=== Problem details ===
Without the pictures, write out every entry that follows exactly.

=== Brief descriptive captions ===
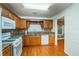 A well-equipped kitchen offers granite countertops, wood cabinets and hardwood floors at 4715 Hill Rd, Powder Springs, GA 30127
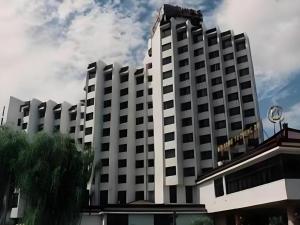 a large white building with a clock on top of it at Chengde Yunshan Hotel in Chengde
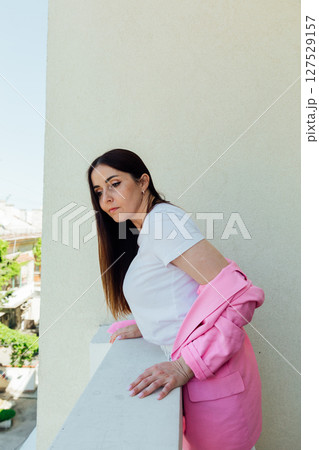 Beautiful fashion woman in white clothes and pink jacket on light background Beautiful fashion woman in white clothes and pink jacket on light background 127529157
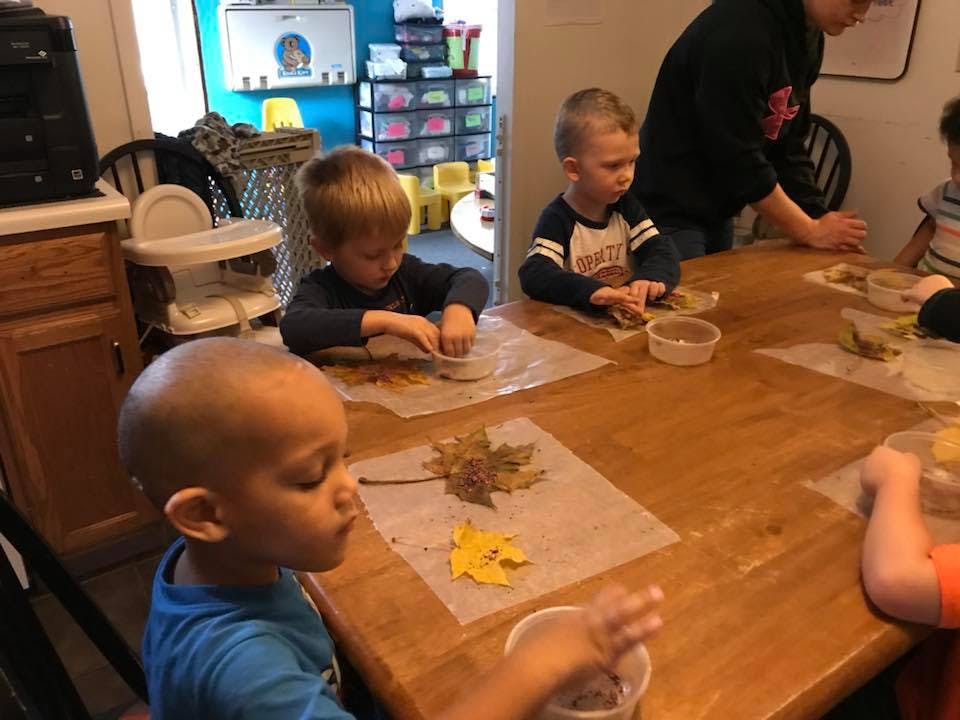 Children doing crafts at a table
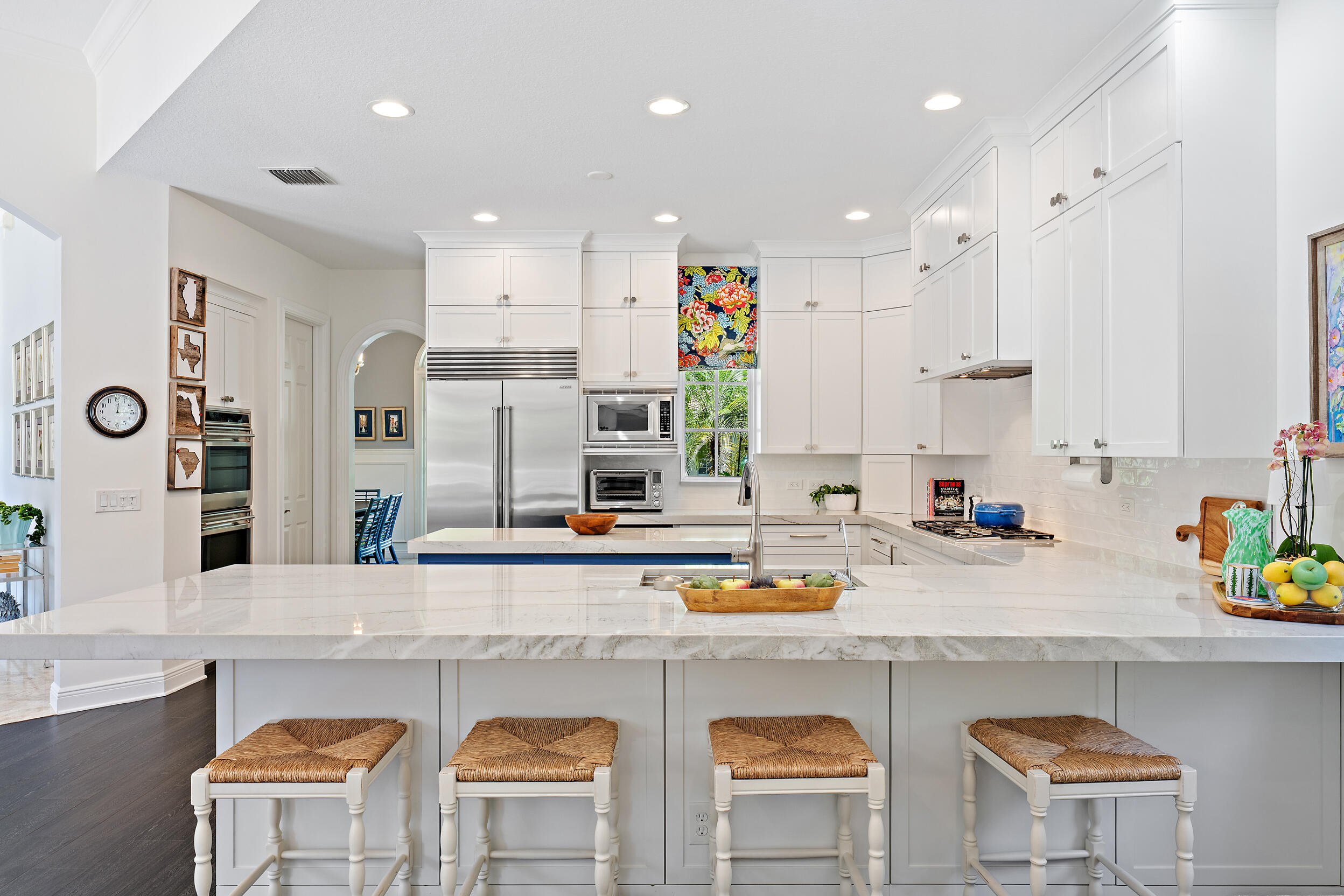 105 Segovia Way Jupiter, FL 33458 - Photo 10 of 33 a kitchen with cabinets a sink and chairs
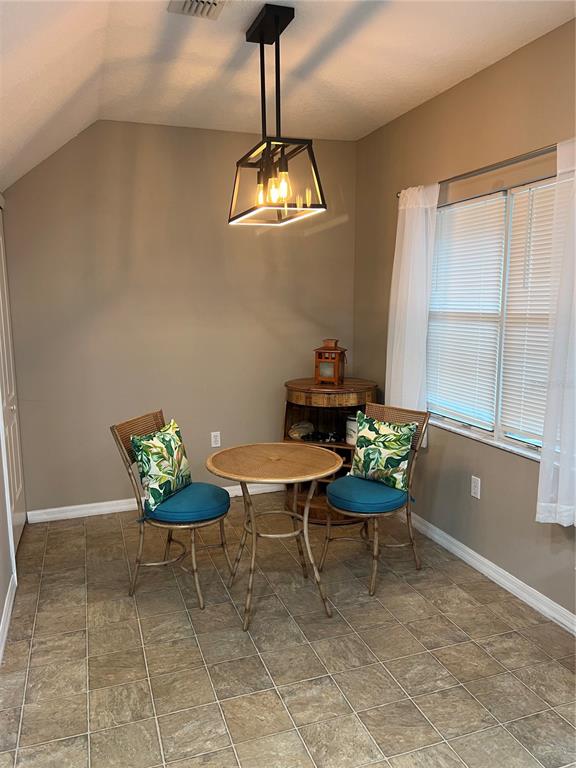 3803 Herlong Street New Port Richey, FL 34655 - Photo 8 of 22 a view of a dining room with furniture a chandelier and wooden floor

=== Reply to the exercise ===
 A well-equipped kitchen offers granite countertops, wood cabinets and hardwood floors at 4715 Hill Rd, Powder Springs, GA 30127
 a large white building with a clock on top of it at Chengde Yunshan Hotel in Chengde
 Beautiful fashion woman in white clothes and pink jacket on light background Beautiful fashion woman in white clothes and pink jacket on light background 127529157
 Children doing crafts at a table
 105 Segovia Way Jupiter, FL 33458 - Photo 10 of 33 a kitchen with cabinets a sink and chairs
 3803 Herlong Street New Port Richey, FL 34655 - Photo 8 of 22 a view of a dining room with furniture a chandelier and wooden floor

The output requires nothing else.